Commit ad80c1c2 authored by Theodore Chang's avatar Theodore Chang
Browse files

Rewrite ArchiveQuery with asyncio

parent 916890ec
# Archive Query
The asynchronous archive query class `ArchiveQuery` provides a "downloader", which adopts a different mechanism compared to the
synchronous version. The configuration is handled by the construction of the target object.
## Argument List
The following arguments are acceptable.
- `owner` : `str` The scope of data to access. Default: `'visible'`
- `query` : `dict` The API query. There are no validations of any means carried out by the class, users shall make sure
the provided query is valid. Otherwise, server would return error message.
- `required` : `dict` The required quantities.

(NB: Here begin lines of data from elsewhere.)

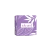 BEAUTY BOX LAVANDA - incluye papel de relleno + sticker cierre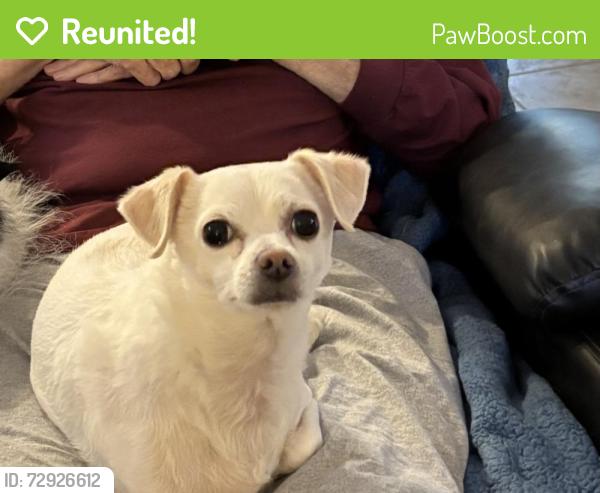 Reunited Female Dog last seen Brent Lane and El Capitan, Las Vegas, NV 89143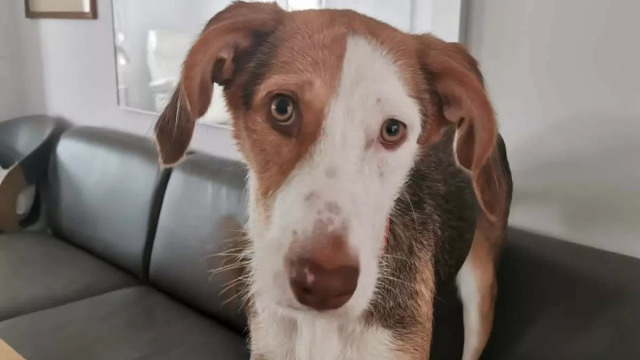 Η πανέμορφη και τρυφερή Τσίκα εγκαταλείφθηκε όταν ήταν μωρό. Αν την υιοθετήσετε, θα σας κλέψει την καρδιά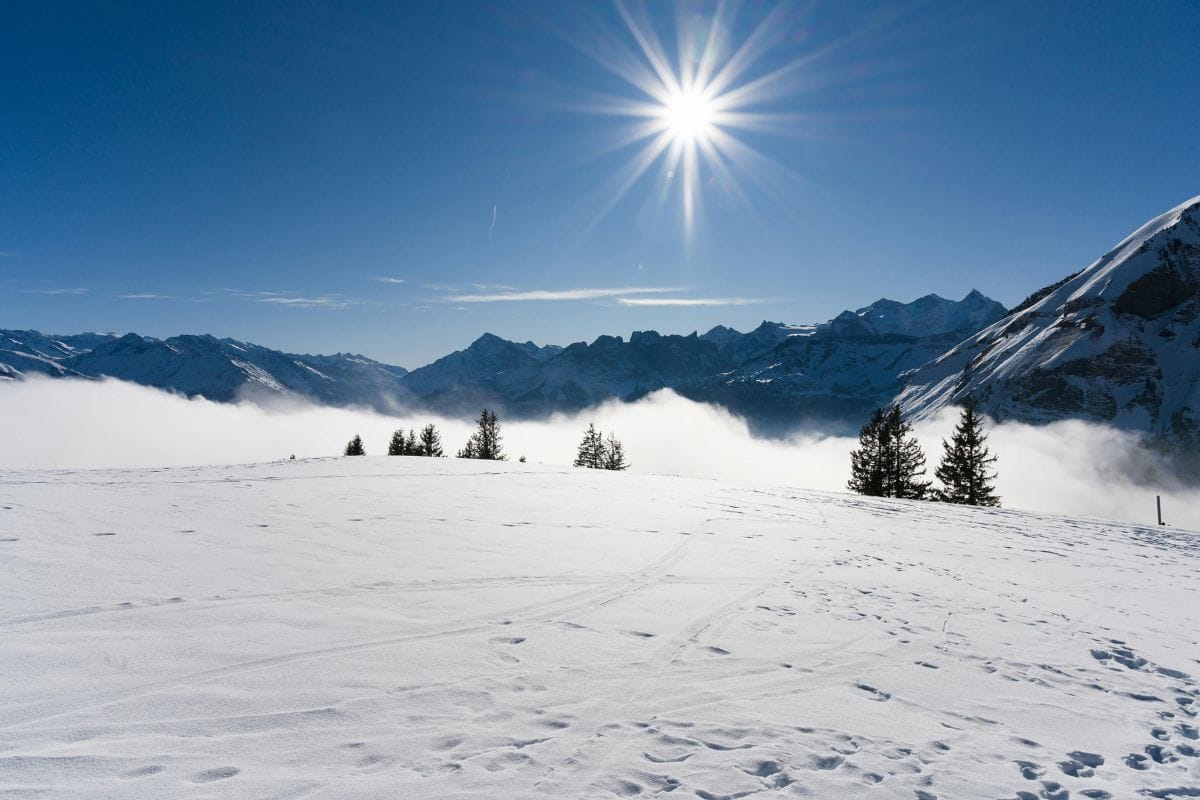 Sonnenschutz im Winter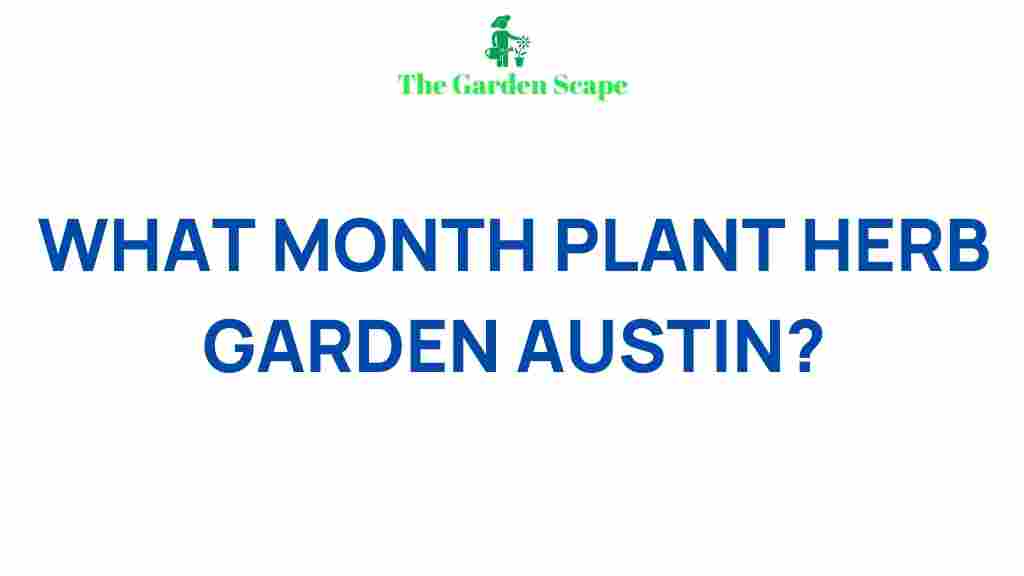 growing-herb-garden-austin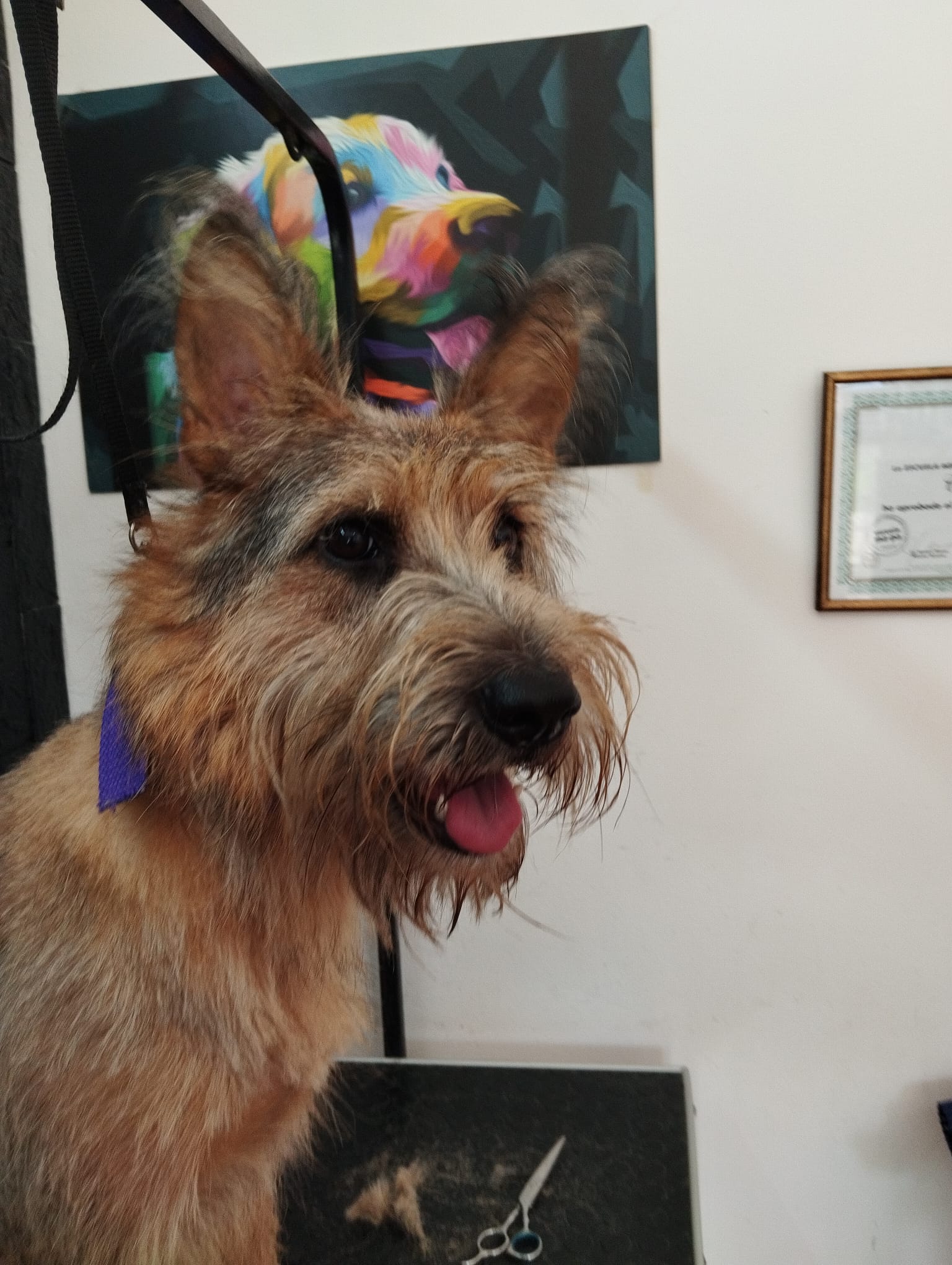 Trabajo realizado estética canina - Karitos Pets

- `url` : `str` The database url. It can be the one of your local database. The official NOMAD database is used be
default if no valid one defined. Default: `http://nomad-lab.eu/prod/v1/api`
- `after` : `str` It can be understood that the data is stored in a sequential list. Each upload has a unique ID,
if `after` is not provided, the query always starts from the first upload. One can choose to query the uploads in the
middle of storage by assigning a proper value of `after`.

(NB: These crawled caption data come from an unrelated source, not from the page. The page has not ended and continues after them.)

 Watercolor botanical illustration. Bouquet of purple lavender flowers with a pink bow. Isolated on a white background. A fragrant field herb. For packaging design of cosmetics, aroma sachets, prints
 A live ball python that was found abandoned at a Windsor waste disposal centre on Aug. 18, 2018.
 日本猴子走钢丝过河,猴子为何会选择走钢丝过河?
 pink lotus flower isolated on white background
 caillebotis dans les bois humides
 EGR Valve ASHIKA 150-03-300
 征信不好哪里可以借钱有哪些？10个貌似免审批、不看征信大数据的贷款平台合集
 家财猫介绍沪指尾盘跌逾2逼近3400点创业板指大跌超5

- `results_max` : `int` Determine how many entries to download. Note each upload may have multiple entries.
- `page_size` : `int` Page size.
- `username` : `str` Username for authentication.
- `password` : `str` Password for authentication.
- `retry` : `int` In the case of server errors, the fetch process is automatically retried every `sleep_time` seconds.
This argument limits the maximum times of retry.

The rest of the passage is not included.